About this task:
Return every record below exactly as written, but leave out the pictures.

Records for this exercise:
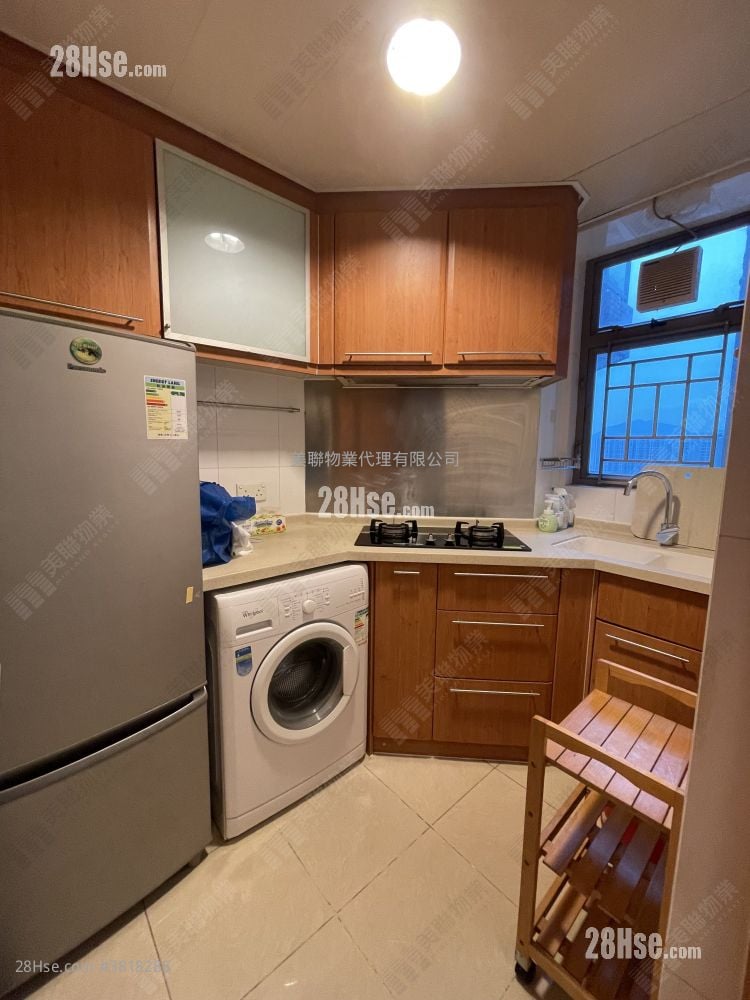 君傲湾 租盘 2 房 , 1 浴室 470 平方尺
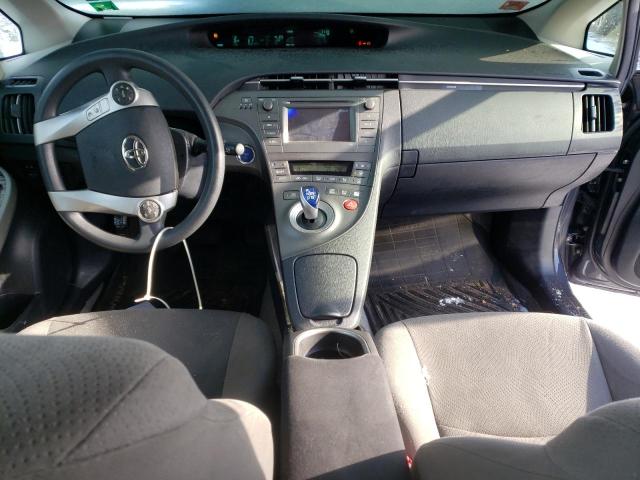 Photo 8 from auction – 2012 TOYOTA PRIUS with VIN JTDKN3DU5C5443468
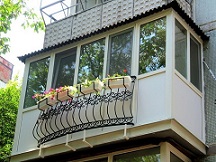 Балконы
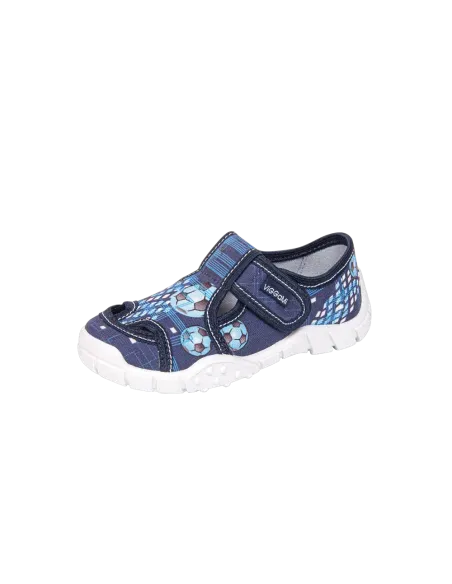 copy of copy of copy of copy of copy of copy of Kapcie do przedszkola Viggami 092 GAJA DRUK, pantofle dziecięce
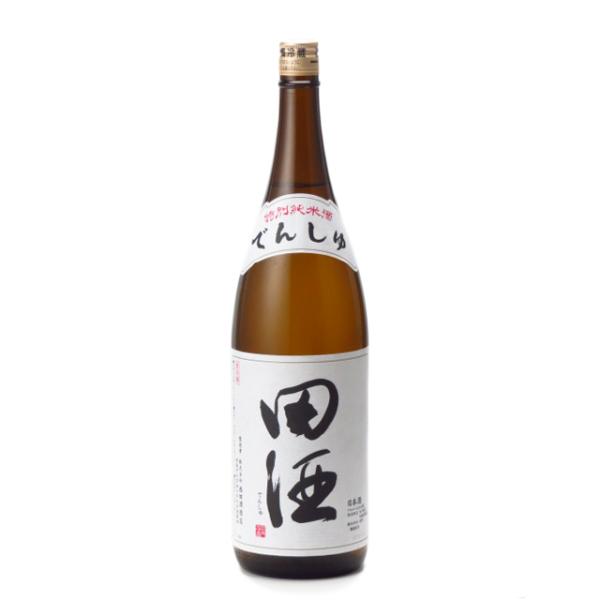 田酒（でんしゅ）特別純米 1800ml 西田酒造店／青森県 青森県,西田酒造店【田酒】特別純米酒古城錦1800mlを定価通販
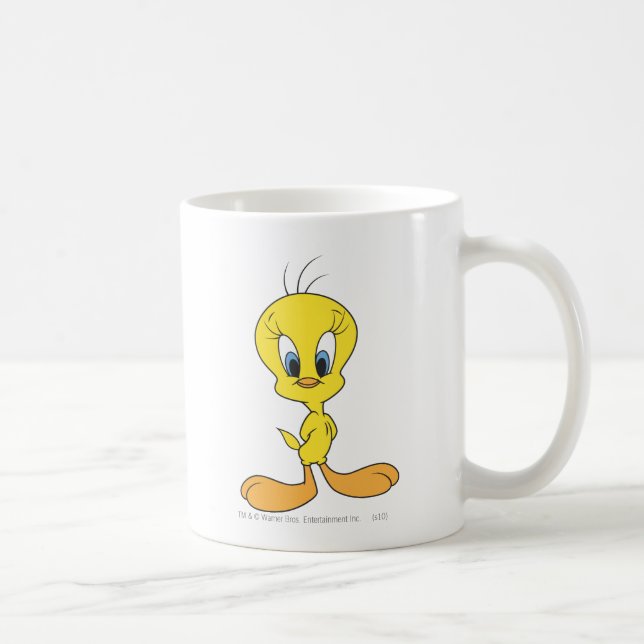 Mug TWEETY™ Fière (Droite)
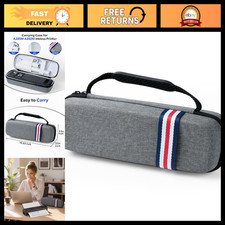 Portable Printer Carrying Case for A4 & Letter Wireless Thermal Printers, Travel picture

Task result:
 君傲湾 租盘 2 房 , 1 浴室 470 平方尺
 Photo 8 from auction – 2012 TOYOTA PRIUS with VIN JTDKN3DU5C5443468
 Балконы
 copy of copy of copy of copy of copy of copy of Kapcie do przedszkola Viggami 092 GAJA DRUK, pantofle dziecięce
 田酒（でんしゅ）特別純米 1800ml 西田酒造店／青森県 青森県,西田酒造店【田酒】特別純米酒古城錦1800mlを定価通販
 Mug TWEETY™ Fière (Droite)
 Portable Printer Carrying Case for A4 & Letter Wireless Thermal Printers, Travel picture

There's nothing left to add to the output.